Wednesday, 27 April 2011


Hoyts Distribution
Now Showing

Not so much a rom-com but a chick lit adaptation (of the similarly titled novel by Emily Giffin), Something Borrowed is aimed squarely at the female audience. And the women who attended the same preview screening as me lapped it up, that's in spite of the film's heroine Rachel (Ginnifer Goodwin) doing the dirty on her BFF with her soon-to-be-husband.

Rachel and Darcy (Kate Hudson) have been friends since early grade school, and sharing in each others' big days from then on. Now Darcy is about to marry Dex (Tom Cruise clone, Colin Egglesfield), a former law school classmate of Rachel's whom she has always had feelings for but never dared acted on.

Turns out Dex has always felt the same way about Rachel and when they've had a little too much to drink at Rachel's 30th birthday party the two fall into bed, setting in motion a supposedly comic love triangle with Rachel and Dex conducting a stop-start affair behind Darcy's back. That Darcy is pitched as a selfish, self absorbed cow – kudos to Hudson for daring to play ugly – is supposed to negate this treachery. It certainly – strangely – had the women in my screening on side with Rachel.
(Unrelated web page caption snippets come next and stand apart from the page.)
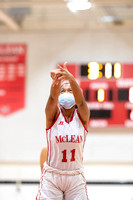 McLean JV girls basketball vs Centreville 2020-12-29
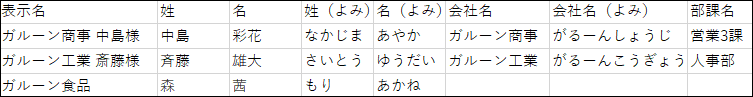 共有アドレス帳 / 個人アドレス帳のCSVファイルの記述例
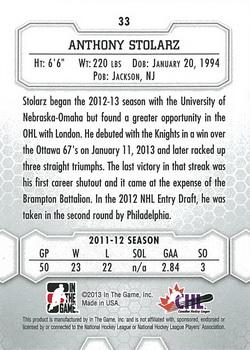 2012-13 In The Game Between The Pipes #33 Anthony Stolarz Back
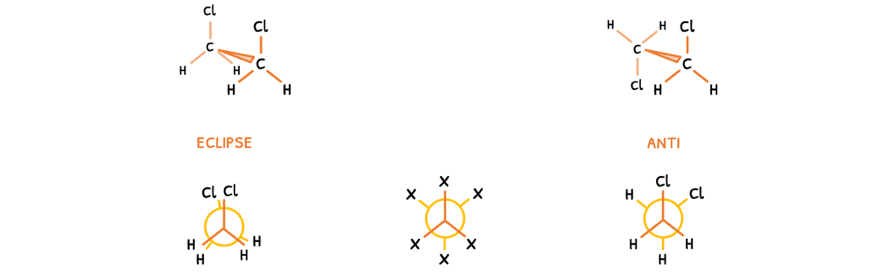 Topic 20 subTopic 3 notes image 2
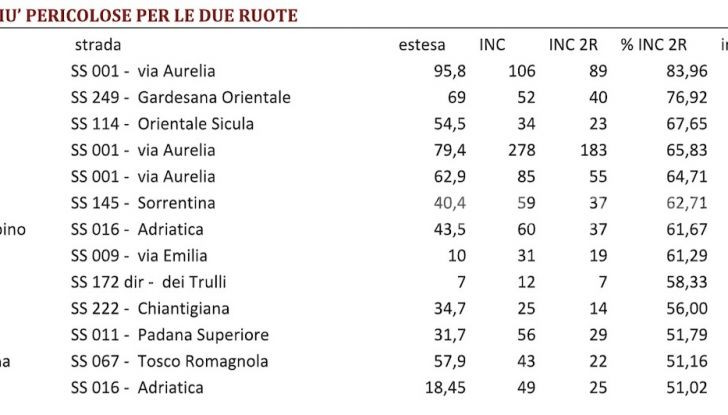 Le strade peggiori d’Italia nel 2018, A24 in testa precede Marghera  e Reggio Calabria - Foto 2 di 18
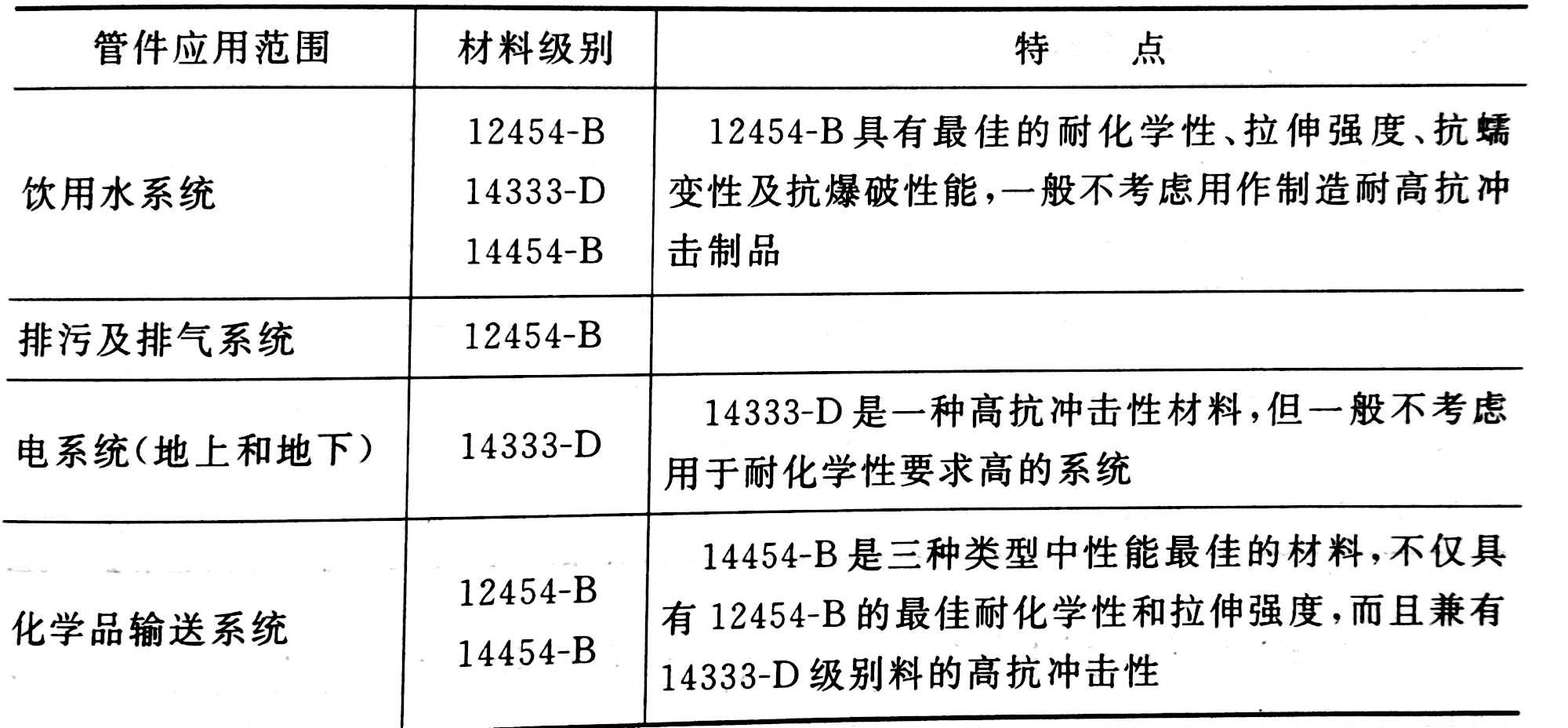 進一步認識PVC管件料&mdash;&mdash;廣東煒林納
Like Bride Wars, another matrimonially-themed Kate Hudson movie (aren't they all?), Something Borrowed pedals the notion that women are their own worst enemies, prepared to turn on even the best of friends in a heart beat. As a heroine, perhaps Rachel's flaws are designed to make her more relatable and forgivable, but she – along with Egglesfield's Dex – is, for the most part, a doormat and, ultimately, a rat.

Obviously director Luke Greenfield and screenwriter Jenny Snyder (and original author Giffin, for that matter) don't subscribe to the 'once a cheater, always a cheater' school of thought given the film's 'alls well that ends well' denouement. Then again, these characters deserve each other and everything they get.

The cast, however, which includes a scene stealing John Krasinski as Rachel's best male bud Ethan, deserves better. As do female audiences generally.